Mild HIV-specific selective forces overlaying natural CD4+ T cell dynamics explain the clonality and decay dynamics of HIV reservoir cells
Date:
10/15/2025
Topics:
Citation:
Reeves DB, Rigau DN, Romero A, Zhang H, Simonetti FR, Varriale J, Hoh R, Zhang L, Smith KN, Montaner LJ, Rubin LH, Gange SJ, Roan NR, Tien PC, Margolick JB, Peluso MJ, Deeks SG, Schiffer JT, Siliciano JD, Siliciano RF, Antar AAR. Mild HIV-specific selective forces overlaying natural CD4+ T cell dynamics explain the clonality and decay dynamics of HIV reservoir cells.
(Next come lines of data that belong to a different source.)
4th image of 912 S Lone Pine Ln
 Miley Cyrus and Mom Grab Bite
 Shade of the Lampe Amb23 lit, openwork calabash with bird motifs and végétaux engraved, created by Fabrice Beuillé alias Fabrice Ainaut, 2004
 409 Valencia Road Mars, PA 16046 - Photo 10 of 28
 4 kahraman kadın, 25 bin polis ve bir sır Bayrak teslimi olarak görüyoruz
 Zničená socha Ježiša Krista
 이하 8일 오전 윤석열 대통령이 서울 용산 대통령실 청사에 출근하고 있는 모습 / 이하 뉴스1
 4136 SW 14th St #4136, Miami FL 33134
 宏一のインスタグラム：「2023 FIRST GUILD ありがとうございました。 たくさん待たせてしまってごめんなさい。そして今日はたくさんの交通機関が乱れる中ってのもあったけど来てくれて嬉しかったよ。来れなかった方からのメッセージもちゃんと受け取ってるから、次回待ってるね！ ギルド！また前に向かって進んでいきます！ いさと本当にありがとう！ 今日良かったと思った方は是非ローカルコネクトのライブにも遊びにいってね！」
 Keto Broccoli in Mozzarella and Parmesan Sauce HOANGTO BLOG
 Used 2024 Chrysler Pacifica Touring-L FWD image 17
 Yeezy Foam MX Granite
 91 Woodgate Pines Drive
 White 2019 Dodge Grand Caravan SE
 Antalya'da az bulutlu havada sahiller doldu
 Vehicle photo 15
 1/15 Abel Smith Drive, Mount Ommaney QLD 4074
Cell Syst. 2025 Oct 15;16(10):101402. doi: 10.1016/j.cels.2025.101402. Epub 2025 Sep 22. PMID: 40987290.
Abstract
To determine whether HIV persistence arises from the natural dynamics of memory (m)CD4+ T cells, we compare clonal dynamics of HIV proviruses and mCD4+ T cells from the same people living with HIV (PWH) on antiretroviral therapy and from matched HIV-seronegative people (N = 51). HIV proviruses are more clonal than mCD4+ T cells but similarly clonal to antigen-specific cells. Increasing reservoir clonality over time and differential decay of intact and defective proviruses are not explained by mCD4+ T cell kinetics alone. We develop and validate a stochastic model trained on 10 quantitative data metrics, which shows that negative selection against HIV-infected cells is necessary to explain all metrics. We estimate the strength of negative selection, finding that death of cells harboring intact and defective proviruses is infrequently (∼6% and ∼2% on average) due to HIV-specific factors. Thus, our data indicate that HIV persistence is mostly, but not entirely, driven by natural mCD4+ kinetics.